557 lines (438 loc) · 32.4 KB

Bulk Import

Bulk importing data into a Sleeper table means importing data by using Apache Spark to run a MapReduce-like job to take a batch of data then partition, sort and write it out so that the resulting files can be added into a Sleeper table. One advantage of bulk import over the standard ingest process is that it reduces the number of writes to S3.

For example, suppose there are currently 100 leaf partitions for a table, and suppose that we have 1000 files of data to ingest. With the standard approach, if we create one ingest job per file and send it to the SQS queue, then there will be 100,000 writes to S3 (in fact, there might be more if the files contain more rows than the value of sleeper.ingest.max.local.rows). Using the bulk import method, there will only be 100 writes to S3 (assuming that the 1000 files are all imported in the same bulk import job).

Note that bulk import requires a minimum number of partitions, and by default a table starts with just one. The minimum is set in the table property sleeper.table.bulk.import.min.leaf.partitions, documented here. If too few partitions are present, then when a bulk import job is submitted the partitions will be split automatically, based on the data in the bulk import job. This will assume that the job's data is a representative sample for the table. If multiple bulk import jobs are submitted simultaneously, they will attempt to pre-split separately, which can waste compute resources. You can take control over this by pre-splitting the table as described here.

Files to be ingested must be accessible to the EMR cluster, and to the lambda that receives the job to submit to the cluster. See the ingest guide for how to prepare your files for access.

There are several stacks that allow data to be imported using the bulk import process:

  • EmrServerlessBulkImportStack - this causes an EMR Serverless application to be created when the Sleeper instance is deployed. This is the default EMR Bulk Import Stack. The advantage of using EMR Serverless is that when there are no bulk import jobs the applications stops with no wasted compute. The startup of the application is greatly reduced compared to standard EMR.
  • EmrBulkImportStack - this causes an EMR cluster to be deployed each time a job is submitted to the EMR bulk import queue. Each job is processed on a separate EMR cluster. The advantage of the cluster being used for one job and then destroyed is that there is no wasted compute if jobs are submitted infrequently. The downside is that there is a significant delay whilst the cluster is created and bootstrapped.
  • PersistentEmrBulkImportStack - this causes an EMR cluster to be created when the Sleeper instance is deployed. This cluster runs continually. By default, it uses managed scaling so that the number of servers running scales up and down as needed.

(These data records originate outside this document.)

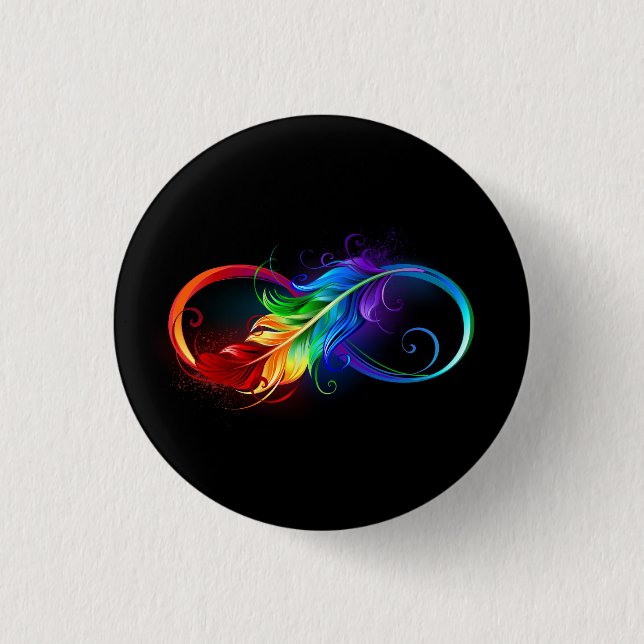 Unendliches Symbol mit Regenbogenfederhalter Button (Vorderseite)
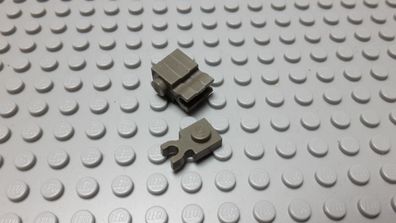 Lego 4 Platten 1x1 mit Clip Altdunkelgrau Nummer 4085c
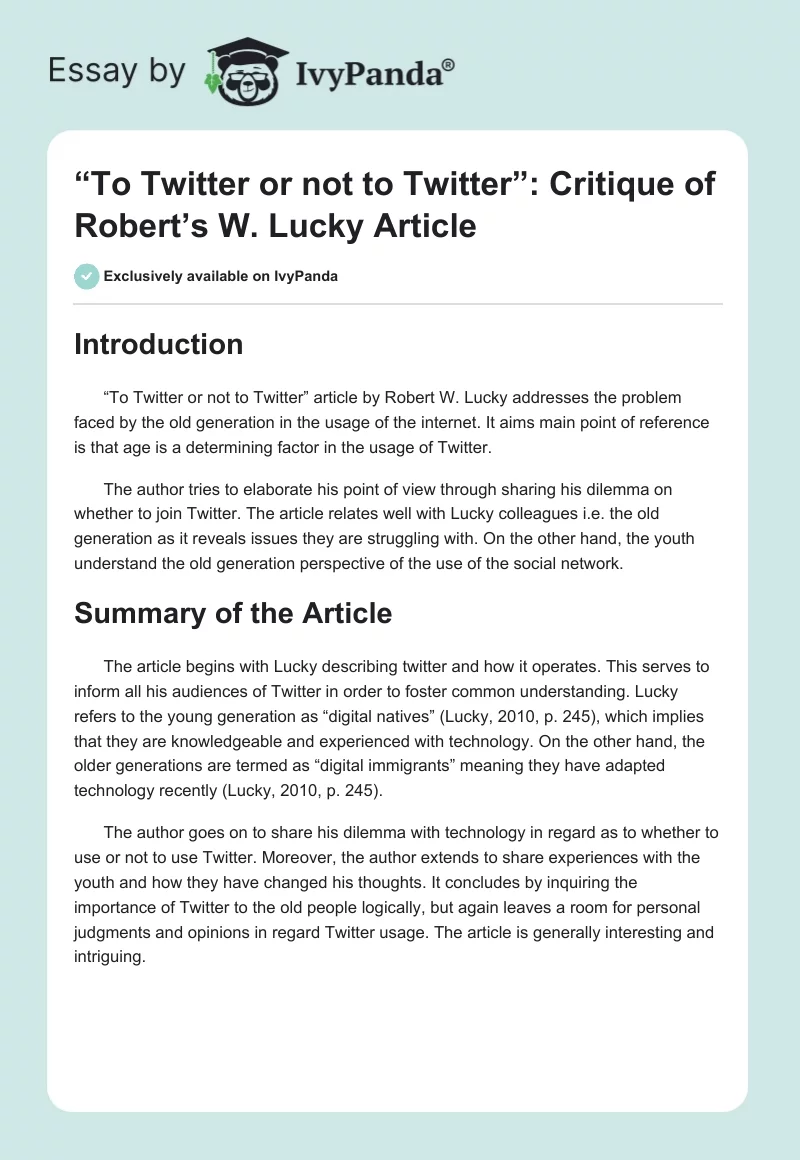 “To Twitter or Not to Twitter”: Critique of Robert’s W. Lucky Article. Page 1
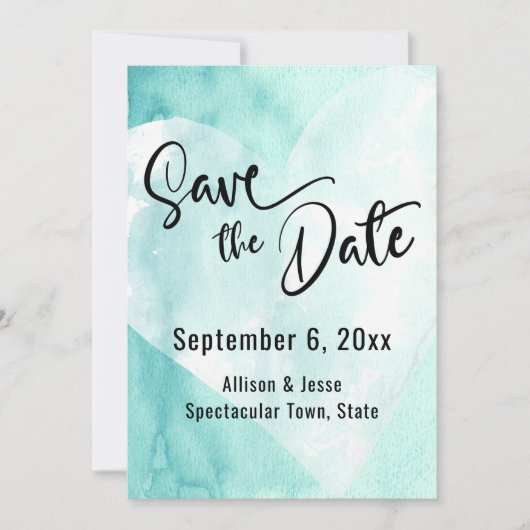 Turfwit Waterverf Hart Save-the-Date Kaart (Voorkant)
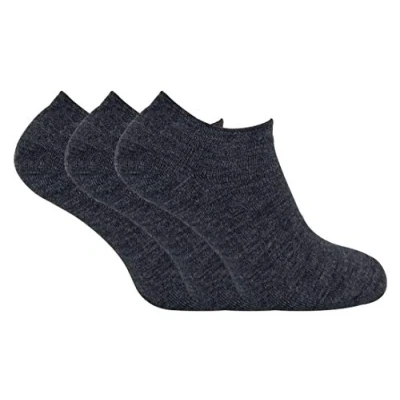 Image of 3 Pairs Mens Thick Winter Warm Cushioned Low Cut Ankle Thermal Trainer Socks (6 11 uk, TTS Charcoal)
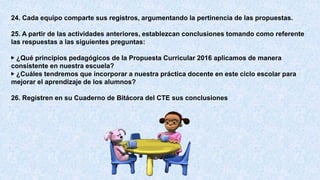 24. Cada equipo comparte sus registros, argumentando la pertinencia de las propuestas.
25. A partir de las actividades anteriores, establezcan conclusiones tomando como referente
las respuestas a las siguientes preguntas:
▶ ¿Qué principios pedagógicos de la Propuesta Curricular 2016 aplicamos de manera
consistente en nuestra escuela?
▶ ¿Cuáles tendremos que incorporar a nuestra práctica docente en este ciclo escolar para
mejorar el aprendizaje de los alumnos?
26. Registren en su Cuaderno de Bitácora del CTE sus conclusiones
 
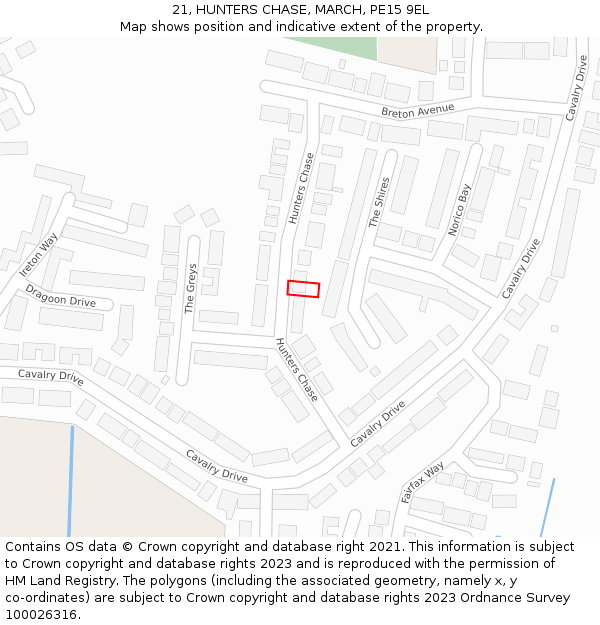 21, HUNTERS CHASE, MARCH, PE15 9EL: Location map and indicative extent of plot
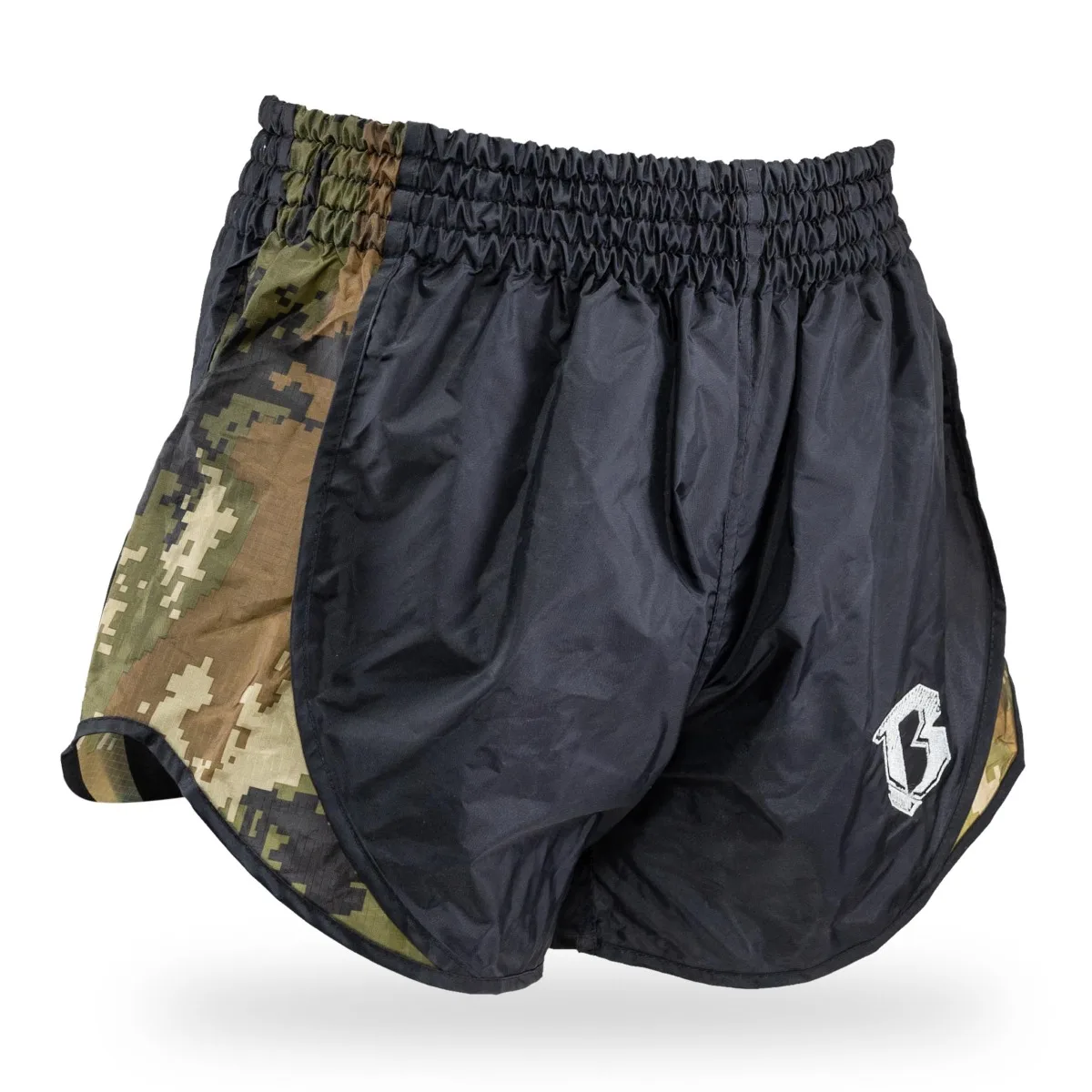 Детайлен изглед на колана и логото на шортите Booster Retro Hybrid BL/Camo Green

The advantage of the persistent EMR approach is that if there is a continual stream of jobs coming there is no delay while a new cluster is created (this also means the cost of the servers during the cluster creation and bootstrapping process is amortised over multiple jobs). The downside is that if there are no jobs to perform then there is still a cost.
  • EksBulkImportStack - this uses Spark running on an EKS cluster to bulk import the data. Currently, the executors run as Fargate tasks. Future work will allow them to run on EC2 instances. This stack is experimental.

These can all be deployed independently of each other. Each stack has its own queue from which it pulls jobs. The sleeper.optional.stacks instance property needs to include EmrServerlessBulkImportStack, EmrBulkImportStack, PersistentEmrBulkImportStack or EksBulkImportStack respectively.

If you have occasional bulk import jobs, or you just want to get started, then we recommend the serverless EMR approach. If you will have a lot of jobs running fairly constantly, then the persistent EMR approach is recommended.

Bulk import on EMR Serverless

The EMR Serverless stack creates an EMR Serverless application that only runs when there are jobs to process. When you want to run a job the application is started by EMR Serverless. After 15 minutes of inactivity the application is shutdown ready to be started when needed. This can be overridden by changing the value of sleeper.bulk.import.emr.serverless.autostop.timeout

A simple example of the message to send is:

{
  "tableName": "my-table",
  "files": [
    "my-bucket/my-files/"
  ]
}

This message needs to be sent to the queue with URL given by the value of the property sleeper.bulk.import.emr.serverless.job.queue.url.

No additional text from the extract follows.